Some really nice nib-work with opaque white on this page:

 

Just throwing this one in because I absolutely love these sorts of pages that you often see in shōjo manga: a big one-page image that’s a sort of “poster of a character’s emotional state.” (And of course, yet another reason that thinking about comics in terms of “shots,” “camera angles,” etc. is such unproductive nonsense.) There is some nice stippling in that robe though!

Some more really nice space/stars effects with opaque white in the corner of this page. And note the corrected leg position of the character:

Another gorgeous page! 

Check out how many different patterns are going on here–some hand-done (cross-hatching, the plaid on the clothes) and others screen-tone–but the drawings all read very clearly visually:

The stippling in this panel is 100% bonkers:

I was largely unfamiliar with Moto Hagio’s SF work, but there were some truly stunning originals in that genre at the show. Check out the insane hatching here in this giant/close-up eyeball:

I can’t even begin to think about how you’d set up an image like this with multiple mirror surfaces:

Welcome to Crazytown!

The pattern on the coat here is not screen-tone; it’s hand-drawn.

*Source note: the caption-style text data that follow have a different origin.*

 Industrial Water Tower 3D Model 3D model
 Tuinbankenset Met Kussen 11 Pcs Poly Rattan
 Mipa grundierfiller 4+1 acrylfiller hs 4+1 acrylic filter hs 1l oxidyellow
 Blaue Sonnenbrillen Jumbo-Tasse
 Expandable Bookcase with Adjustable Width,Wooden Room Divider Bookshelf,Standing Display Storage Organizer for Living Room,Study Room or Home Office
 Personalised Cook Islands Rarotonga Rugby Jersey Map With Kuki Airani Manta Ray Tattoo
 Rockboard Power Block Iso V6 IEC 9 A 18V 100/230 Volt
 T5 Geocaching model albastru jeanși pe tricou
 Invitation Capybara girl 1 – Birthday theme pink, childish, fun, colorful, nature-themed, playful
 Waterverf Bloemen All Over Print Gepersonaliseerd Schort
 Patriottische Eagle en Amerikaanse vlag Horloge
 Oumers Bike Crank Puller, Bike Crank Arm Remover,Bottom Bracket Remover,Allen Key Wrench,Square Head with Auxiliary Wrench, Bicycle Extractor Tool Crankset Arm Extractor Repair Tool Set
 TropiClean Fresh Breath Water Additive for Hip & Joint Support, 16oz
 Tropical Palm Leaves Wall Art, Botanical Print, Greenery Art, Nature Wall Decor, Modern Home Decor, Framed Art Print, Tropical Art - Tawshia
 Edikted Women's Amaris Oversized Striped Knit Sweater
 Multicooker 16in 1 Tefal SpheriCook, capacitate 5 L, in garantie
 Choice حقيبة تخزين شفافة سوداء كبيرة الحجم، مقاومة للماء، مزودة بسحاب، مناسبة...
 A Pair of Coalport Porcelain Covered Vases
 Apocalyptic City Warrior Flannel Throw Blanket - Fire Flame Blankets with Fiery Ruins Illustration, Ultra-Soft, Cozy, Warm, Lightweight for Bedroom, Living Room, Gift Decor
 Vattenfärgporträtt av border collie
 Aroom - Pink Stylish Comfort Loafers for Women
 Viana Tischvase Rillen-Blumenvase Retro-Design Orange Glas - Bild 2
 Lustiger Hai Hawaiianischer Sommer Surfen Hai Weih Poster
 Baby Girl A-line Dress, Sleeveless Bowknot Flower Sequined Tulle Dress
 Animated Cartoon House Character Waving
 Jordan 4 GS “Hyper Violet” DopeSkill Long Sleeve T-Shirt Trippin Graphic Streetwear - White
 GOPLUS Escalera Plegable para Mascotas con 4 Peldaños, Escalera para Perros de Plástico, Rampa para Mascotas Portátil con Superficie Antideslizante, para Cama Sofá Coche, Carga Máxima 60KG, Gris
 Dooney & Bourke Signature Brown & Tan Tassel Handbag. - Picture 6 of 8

Check the hatching and stippling combo here in this outer space panel.

Amazing usage of screen-tone without outlines/contour lines for some of the jigsaw puzzle pieces here.

I have no idea what’s going on with the wavy-patterned screen-tone here–tone with a pre-printed pattern? White areas pulled out with a razor?

She’d give Bill Woggon a run in the clothes-drawing deparment!

The razor-work on the screen-tone on this original is gobsmacking:

On the way out of the exhibit I bought a copy of Moto Hagio’s L’il Leo in French, not aware that there was an English translation of it. It’s ostensibly a lighthearted kid-friendly collection of stores about the titular Leo, a talking cat. It’s a great read, but there’s a surprising amount of pathos in some of the stories–particularly the lead story where Leo winds up going to school and being ostracised by the other students for doing cat stuff at school, not knowing how to behave in a classroom, etc.

We left Angoulême early Sunday morning by train so we could spend a bit of time in Paris before heading back to Columbus. While there, we caught the Joan Sfar exhibit. It was similarly amazing–but that’s a post for another time!